Perhaps it is because she was a young professional, or perhaps because she worked on issues of poverty, citizenship and human rights, or because she had friends in the international NGO community; but in a country faced with daily violence, citizen insecurity, and widespread impunity, her name made national headlines, and her murder has drawn international attention.
Emilia was an amazing woman and a friend to many, who deserves the memoriam she has received. But this is also a moment to recognize the thousands of women whose names never grace the pages of our newspapers and magazines.
It’s not just that in a country with such a violent past one woman a day is killed, or that scarcely 2% of crimes against women are solved. That would be horrendous enough.
But it’s also that the bodies of women who have been kidnapped and murdered often show extra brutality – sexual violence, torture, mutilation – reflecting a societal disdain for women. The fact that many of these crimes are never even investigated reflects a insidious contempt and apathy for the lives of women by the Guatemalan government.
Violence against women is widespread.
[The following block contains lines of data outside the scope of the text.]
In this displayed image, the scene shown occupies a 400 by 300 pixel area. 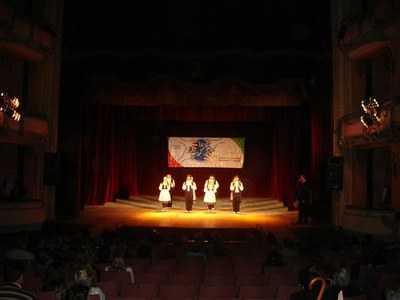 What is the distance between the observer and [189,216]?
19.7 meters

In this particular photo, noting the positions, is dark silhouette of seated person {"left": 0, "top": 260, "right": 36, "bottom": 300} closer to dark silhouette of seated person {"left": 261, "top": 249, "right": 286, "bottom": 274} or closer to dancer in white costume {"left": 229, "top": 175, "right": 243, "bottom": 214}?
dark silhouette of seated person {"left": 261, "top": 249, "right": 286, "bottom": 274}

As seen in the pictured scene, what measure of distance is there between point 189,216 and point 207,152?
6821 millimetres

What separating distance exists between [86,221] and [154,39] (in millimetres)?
7146

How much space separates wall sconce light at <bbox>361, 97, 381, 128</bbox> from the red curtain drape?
342 inches

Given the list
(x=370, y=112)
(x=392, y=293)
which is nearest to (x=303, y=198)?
(x=370, y=112)

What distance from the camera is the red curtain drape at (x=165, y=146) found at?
23359mm

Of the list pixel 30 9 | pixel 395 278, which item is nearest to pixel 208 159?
pixel 30 9

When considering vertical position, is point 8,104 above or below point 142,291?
above

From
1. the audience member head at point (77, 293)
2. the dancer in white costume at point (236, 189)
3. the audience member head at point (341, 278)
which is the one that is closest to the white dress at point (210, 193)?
the dancer in white costume at point (236, 189)

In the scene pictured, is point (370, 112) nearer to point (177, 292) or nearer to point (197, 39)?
point (197, 39)

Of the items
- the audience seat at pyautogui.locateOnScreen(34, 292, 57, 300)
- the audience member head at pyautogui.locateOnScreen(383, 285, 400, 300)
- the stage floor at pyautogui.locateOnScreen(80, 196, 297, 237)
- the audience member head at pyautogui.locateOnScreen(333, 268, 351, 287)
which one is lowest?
the stage floor at pyautogui.locateOnScreen(80, 196, 297, 237)

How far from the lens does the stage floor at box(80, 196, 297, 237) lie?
1666cm

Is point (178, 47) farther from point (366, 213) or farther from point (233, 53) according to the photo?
point (366, 213)

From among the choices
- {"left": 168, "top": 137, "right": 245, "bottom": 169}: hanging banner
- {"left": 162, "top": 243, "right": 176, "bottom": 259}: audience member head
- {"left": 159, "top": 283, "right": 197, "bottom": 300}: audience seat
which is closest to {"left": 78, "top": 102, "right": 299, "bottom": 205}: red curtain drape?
{"left": 168, "top": 137, "right": 245, "bottom": 169}: hanging banner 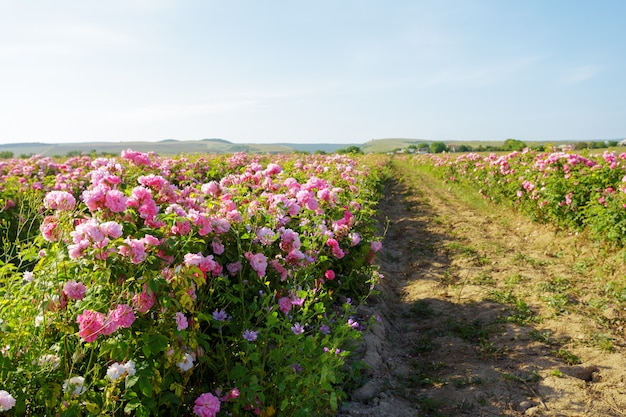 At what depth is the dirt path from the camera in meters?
3.56

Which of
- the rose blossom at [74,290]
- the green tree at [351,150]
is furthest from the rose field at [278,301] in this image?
the green tree at [351,150]

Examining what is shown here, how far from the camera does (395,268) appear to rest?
739cm

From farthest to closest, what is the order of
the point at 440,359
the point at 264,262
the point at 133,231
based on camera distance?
the point at 440,359 → the point at 264,262 → the point at 133,231

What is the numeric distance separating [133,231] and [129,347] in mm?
749

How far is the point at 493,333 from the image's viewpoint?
15.7 ft

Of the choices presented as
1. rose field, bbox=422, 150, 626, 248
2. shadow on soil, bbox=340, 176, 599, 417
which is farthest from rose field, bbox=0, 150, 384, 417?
rose field, bbox=422, 150, 626, 248

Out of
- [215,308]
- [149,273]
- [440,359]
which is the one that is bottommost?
[440,359]

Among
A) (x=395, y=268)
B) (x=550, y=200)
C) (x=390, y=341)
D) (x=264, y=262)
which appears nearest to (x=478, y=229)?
(x=550, y=200)

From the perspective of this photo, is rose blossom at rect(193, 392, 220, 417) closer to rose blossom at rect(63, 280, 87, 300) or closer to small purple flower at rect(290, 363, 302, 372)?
small purple flower at rect(290, 363, 302, 372)

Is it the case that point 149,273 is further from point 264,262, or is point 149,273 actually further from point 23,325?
point 264,262

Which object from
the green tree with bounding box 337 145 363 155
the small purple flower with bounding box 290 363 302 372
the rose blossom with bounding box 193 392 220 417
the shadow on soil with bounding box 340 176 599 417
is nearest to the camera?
the rose blossom with bounding box 193 392 220 417

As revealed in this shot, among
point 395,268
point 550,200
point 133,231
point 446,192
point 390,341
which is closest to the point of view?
point 133,231

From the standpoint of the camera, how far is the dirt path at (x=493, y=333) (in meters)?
3.56

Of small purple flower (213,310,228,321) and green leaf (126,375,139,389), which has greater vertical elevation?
green leaf (126,375,139,389) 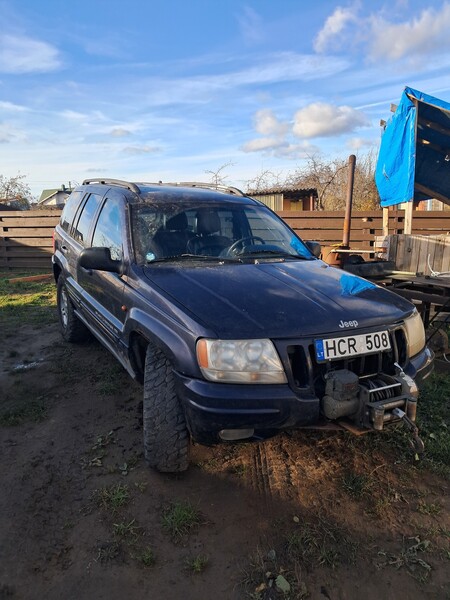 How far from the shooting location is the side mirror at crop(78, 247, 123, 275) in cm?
309

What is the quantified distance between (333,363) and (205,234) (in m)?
1.57

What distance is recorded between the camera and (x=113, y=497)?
8.30ft

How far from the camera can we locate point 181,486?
105 inches

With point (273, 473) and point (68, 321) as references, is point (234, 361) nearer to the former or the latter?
point (273, 473)

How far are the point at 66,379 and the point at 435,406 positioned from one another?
11.2 feet

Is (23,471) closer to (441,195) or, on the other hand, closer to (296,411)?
(296,411)

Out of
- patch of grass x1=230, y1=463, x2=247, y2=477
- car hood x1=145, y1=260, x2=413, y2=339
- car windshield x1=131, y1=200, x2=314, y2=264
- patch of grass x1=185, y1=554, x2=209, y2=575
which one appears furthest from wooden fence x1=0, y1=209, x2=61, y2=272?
patch of grass x1=185, y1=554, x2=209, y2=575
In 2008, the Guatemalan Congress passed the Law Against Femicide, establishing violence against women as any violent act, whether physical, sexual, economic, or psychological, on a woman that is perpetrated exclusively on women.
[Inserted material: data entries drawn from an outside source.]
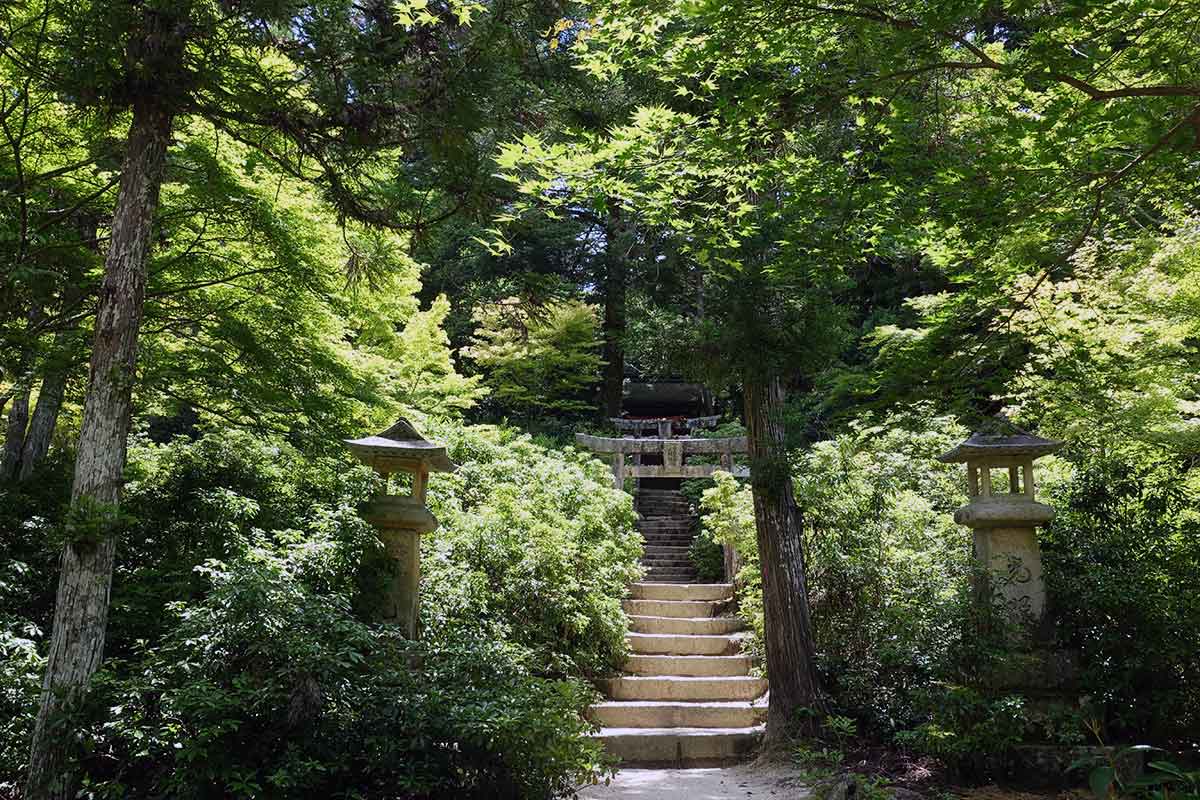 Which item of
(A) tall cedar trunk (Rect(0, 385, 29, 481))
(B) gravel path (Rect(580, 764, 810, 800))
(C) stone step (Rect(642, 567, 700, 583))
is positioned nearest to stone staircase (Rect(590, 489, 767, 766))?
(B) gravel path (Rect(580, 764, 810, 800))

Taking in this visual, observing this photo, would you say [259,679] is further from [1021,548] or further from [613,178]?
[1021,548]

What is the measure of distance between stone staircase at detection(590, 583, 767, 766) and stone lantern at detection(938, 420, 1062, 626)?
8.19 feet

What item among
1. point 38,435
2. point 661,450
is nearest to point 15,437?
point 38,435

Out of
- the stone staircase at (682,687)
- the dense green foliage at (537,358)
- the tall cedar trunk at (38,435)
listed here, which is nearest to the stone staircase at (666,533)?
the stone staircase at (682,687)

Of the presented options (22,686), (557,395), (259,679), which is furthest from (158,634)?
(557,395)

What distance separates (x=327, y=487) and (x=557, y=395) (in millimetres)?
14201

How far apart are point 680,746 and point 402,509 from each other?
127 inches

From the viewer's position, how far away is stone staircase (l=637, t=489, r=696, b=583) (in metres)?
13.2

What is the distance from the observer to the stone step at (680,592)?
34.8 feet

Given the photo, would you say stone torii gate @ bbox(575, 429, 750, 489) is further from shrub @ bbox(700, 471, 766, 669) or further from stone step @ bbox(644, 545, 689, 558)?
shrub @ bbox(700, 471, 766, 669)

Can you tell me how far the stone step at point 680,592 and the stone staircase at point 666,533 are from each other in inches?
56.3

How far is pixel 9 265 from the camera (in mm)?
4793

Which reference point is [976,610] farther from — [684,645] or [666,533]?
[666,533]

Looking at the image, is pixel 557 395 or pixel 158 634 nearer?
pixel 158 634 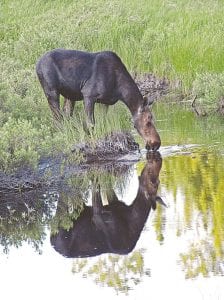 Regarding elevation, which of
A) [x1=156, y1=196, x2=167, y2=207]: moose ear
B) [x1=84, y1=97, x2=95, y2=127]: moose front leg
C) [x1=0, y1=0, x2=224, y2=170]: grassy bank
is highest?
[x1=156, y1=196, x2=167, y2=207]: moose ear

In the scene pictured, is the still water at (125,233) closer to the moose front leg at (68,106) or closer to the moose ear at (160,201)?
the moose ear at (160,201)

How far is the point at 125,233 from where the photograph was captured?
1053cm

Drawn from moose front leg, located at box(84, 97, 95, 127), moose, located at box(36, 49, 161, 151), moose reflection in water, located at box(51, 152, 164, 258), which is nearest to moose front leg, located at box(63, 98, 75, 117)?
moose, located at box(36, 49, 161, 151)

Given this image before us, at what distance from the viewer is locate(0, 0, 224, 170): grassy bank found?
1334 cm

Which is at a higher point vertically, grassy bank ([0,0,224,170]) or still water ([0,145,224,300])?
still water ([0,145,224,300])

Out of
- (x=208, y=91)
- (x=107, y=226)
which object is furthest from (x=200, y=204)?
(x=208, y=91)

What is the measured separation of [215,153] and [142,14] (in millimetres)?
10263

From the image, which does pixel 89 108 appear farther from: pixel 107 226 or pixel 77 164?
pixel 107 226

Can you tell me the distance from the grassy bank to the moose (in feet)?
0.97

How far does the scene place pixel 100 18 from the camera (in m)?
24.3

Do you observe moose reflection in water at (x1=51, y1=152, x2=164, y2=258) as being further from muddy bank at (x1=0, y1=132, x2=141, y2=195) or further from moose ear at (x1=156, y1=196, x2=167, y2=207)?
muddy bank at (x1=0, y1=132, x2=141, y2=195)

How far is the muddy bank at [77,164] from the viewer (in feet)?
41.2

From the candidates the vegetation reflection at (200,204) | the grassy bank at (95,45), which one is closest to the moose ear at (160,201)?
the vegetation reflection at (200,204)

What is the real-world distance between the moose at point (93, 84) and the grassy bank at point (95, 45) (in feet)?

Yet according to Norma Cruz, the founder of Fundación Sobrevivientes – an advocacy organization seeking the prevention of violence, and justice for its victims – the number of murdered women has not gone down, and impunity and injustice continue while the women of Guatemala pay the price. International attention is necessary to make a difference for women in Guatemala.
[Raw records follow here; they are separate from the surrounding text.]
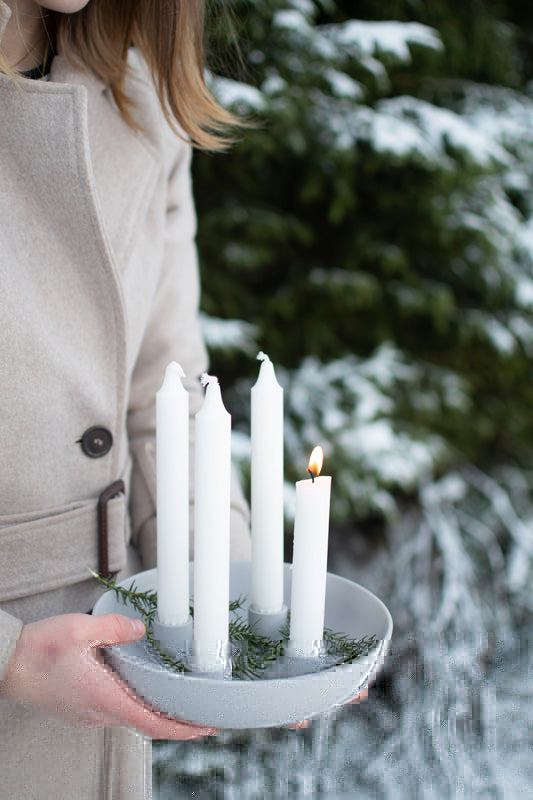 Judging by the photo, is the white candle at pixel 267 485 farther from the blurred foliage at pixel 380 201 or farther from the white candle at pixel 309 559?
the blurred foliage at pixel 380 201

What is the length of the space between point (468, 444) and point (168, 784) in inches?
78.6

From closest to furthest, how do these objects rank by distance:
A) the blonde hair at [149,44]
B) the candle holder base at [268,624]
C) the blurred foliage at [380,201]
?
the candle holder base at [268,624], the blonde hair at [149,44], the blurred foliage at [380,201]

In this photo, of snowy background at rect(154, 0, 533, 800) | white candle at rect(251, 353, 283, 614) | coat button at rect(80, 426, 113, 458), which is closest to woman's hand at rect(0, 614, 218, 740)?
white candle at rect(251, 353, 283, 614)

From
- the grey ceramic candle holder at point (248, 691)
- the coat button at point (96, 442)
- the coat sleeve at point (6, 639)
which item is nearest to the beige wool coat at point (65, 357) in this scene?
the coat button at point (96, 442)

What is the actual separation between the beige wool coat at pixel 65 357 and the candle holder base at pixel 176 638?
0.24 metres

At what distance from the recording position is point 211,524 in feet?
1.59

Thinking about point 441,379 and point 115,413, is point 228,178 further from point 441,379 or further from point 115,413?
point 115,413

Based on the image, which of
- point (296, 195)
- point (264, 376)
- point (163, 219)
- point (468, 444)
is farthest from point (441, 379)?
point (264, 376)

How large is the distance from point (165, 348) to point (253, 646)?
0.52 m

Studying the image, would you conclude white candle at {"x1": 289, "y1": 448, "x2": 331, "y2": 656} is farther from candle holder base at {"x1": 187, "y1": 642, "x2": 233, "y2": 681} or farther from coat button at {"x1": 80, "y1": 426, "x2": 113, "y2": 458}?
coat button at {"x1": 80, "y1": 426, "x2": 113, "y2": 458}

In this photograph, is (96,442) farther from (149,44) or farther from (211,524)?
(149,44)

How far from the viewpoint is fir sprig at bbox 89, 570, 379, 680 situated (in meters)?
0.54

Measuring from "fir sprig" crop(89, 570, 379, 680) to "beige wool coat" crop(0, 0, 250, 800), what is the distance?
17 cm

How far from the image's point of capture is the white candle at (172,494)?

Emilia’s death ironically occurred the same week the US Senate Committee on Foreign Relations passed The International Violence Against Women Act , an unprecedented effort by the US to address global violence against women by supporting local organizations to provide more services to women seeking to escape violence. However, just a few days later, a bipartisan bill to prevent child marriage – another widespread source of gender-based violence – passed in the Senate, but failed in the House.
Clearly, our efforts to address violence against women may be well-meaning, but are inadequate and uneven.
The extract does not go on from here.